──────── EXTRACTED ENTRIES ────────

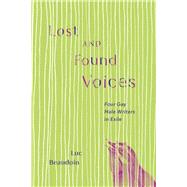 Lost and Found Voices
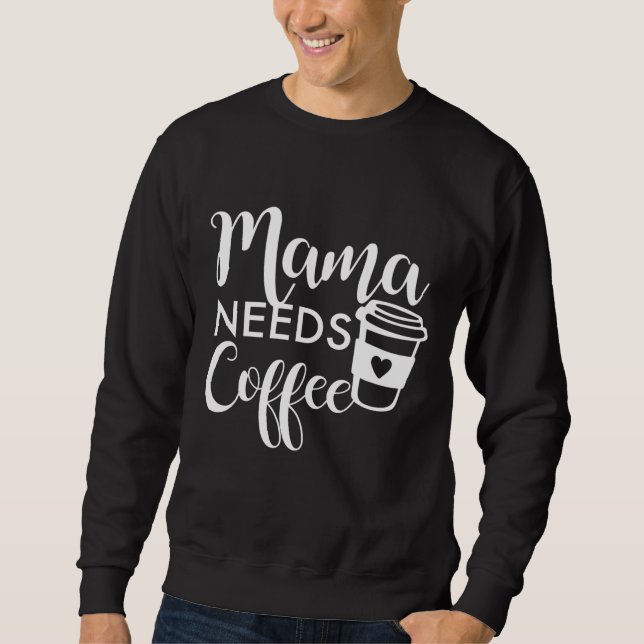 Mama braucht Kaffee Sweatshirt (Vorderseite)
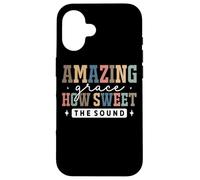 Amazing Grace How Sweet The Sound Faith Case for iPhone 16
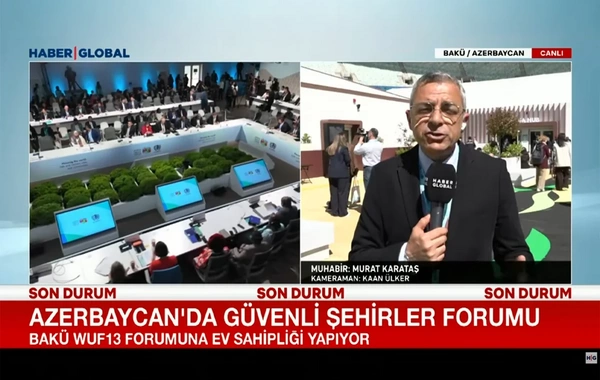 Haber Global: Azərbaycan WUF13 iştirakçıları ilə uğurlu təcrübəsini bölüşəcək
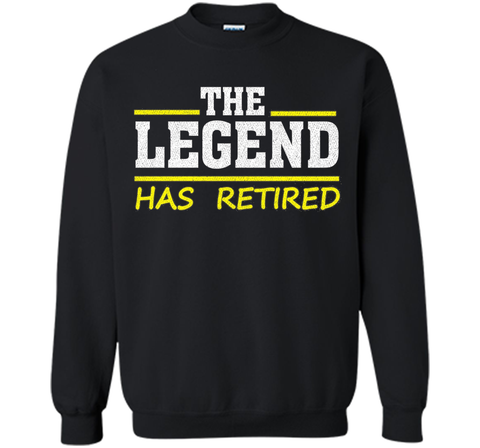 The Legend Has Retired Retirement Support Love Work Tee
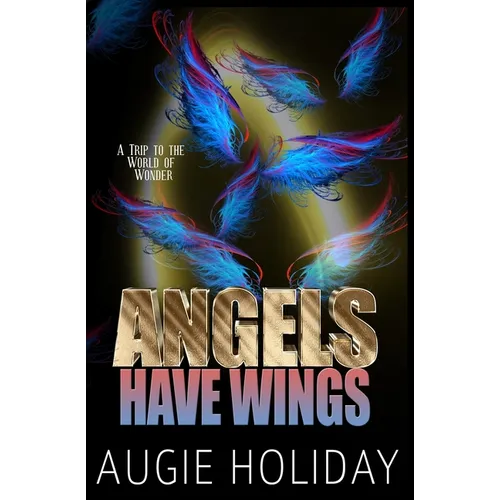 Angels Have Wings - Paperback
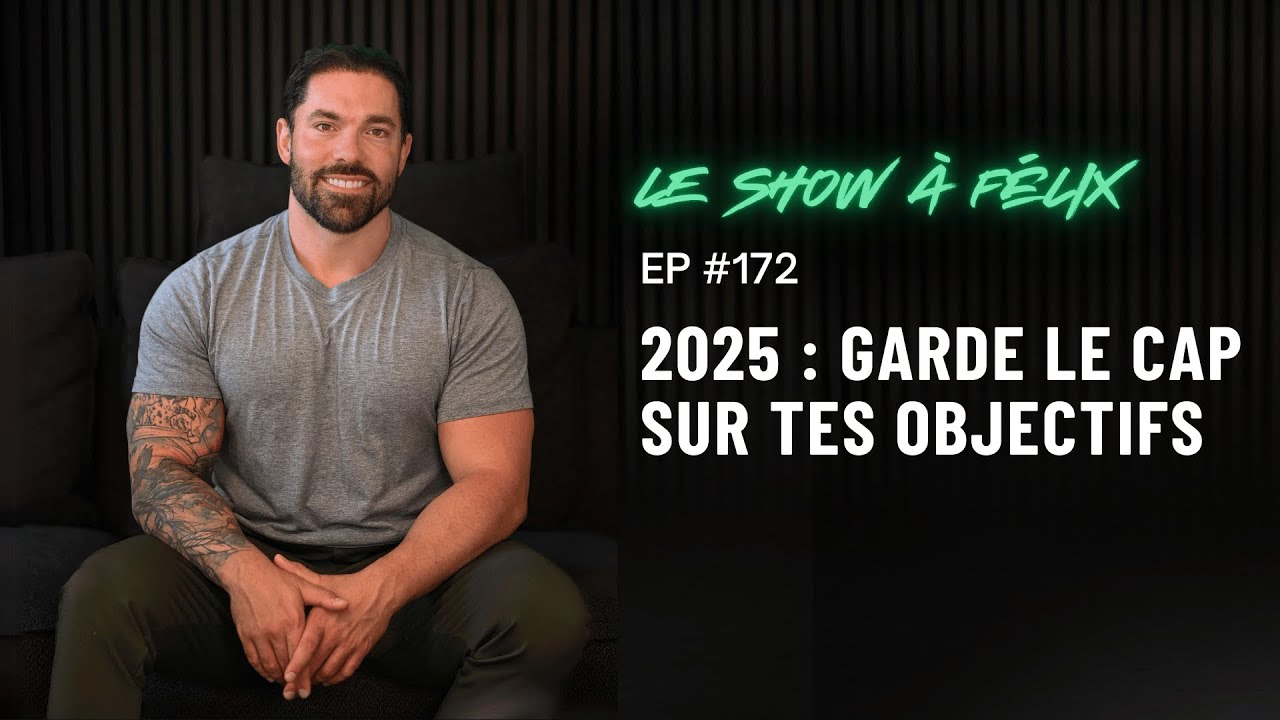 2025 : Garde le cap sur tes objectifs EP 172 | Felix Daigle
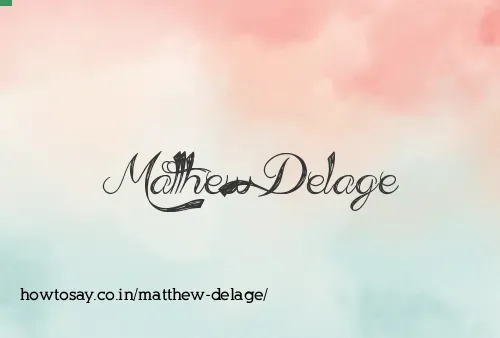 Matthew Delage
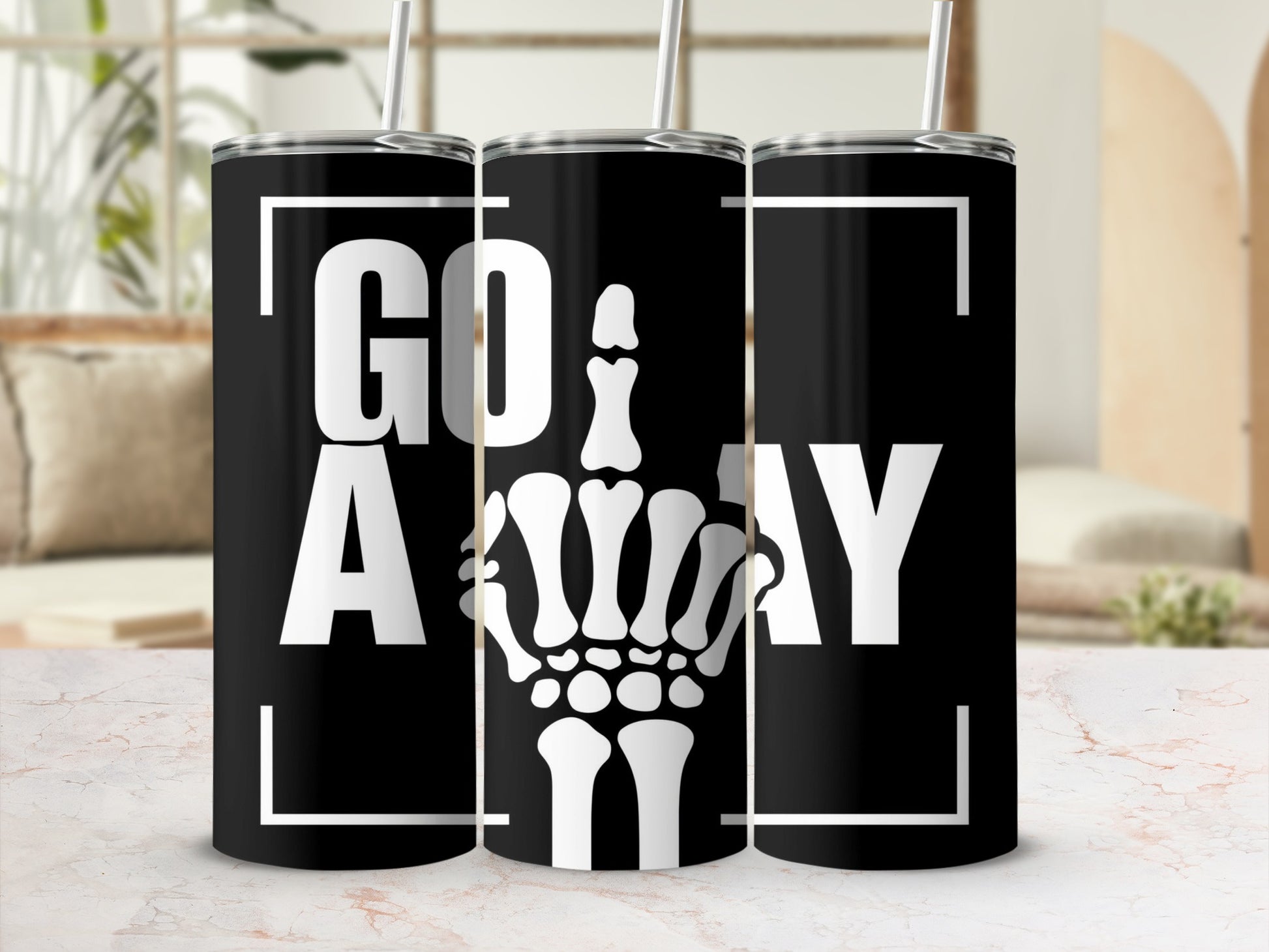 Black tumbler with white text "GO AWAY" and a skeleton middle finger graphic.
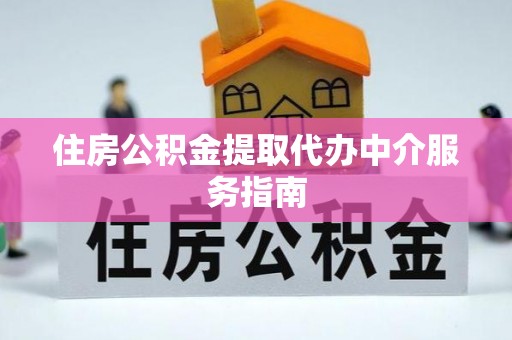 儋州住房公积金提取代办中介服务指南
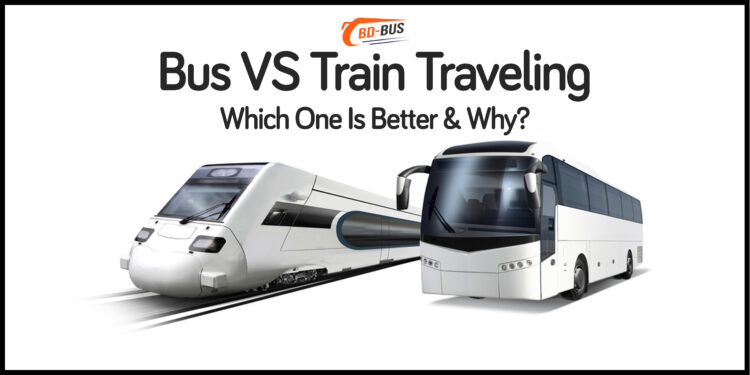 Bus VS Train Traveling: Which One Is Better & Why?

────────

* [EXERCISE]: What is needed is a word-for-word restatement of the entries, minus any pictures.

* [RESULT OF THE EXERCISE]:
 Lost and Found Voices
 Mama braucht Kaffee Sweatshirt (Vorderseite)
 Amazing Grace How Sweet The Sound Faith Case for iPhone 16
 Haber Global: Azərbaycan WUF13 iştirakçıları ilə uğurlu təcrübəsini bölüşəcək
 The Legend Has Retired Retirement Support Love Work Tee
 Angels Have Wings - Paperback
 2025 : Garde le cap sur tes objectifs EP 172 | Felix Daigle
 Matthew Delage
 Black tumbler with white text "GO AWAY" and a skeleton middle finger graphic.
 儋州住房公积金提取代办中介服务指南
 Bus VS Train Traveling: Which One Is Better & Why?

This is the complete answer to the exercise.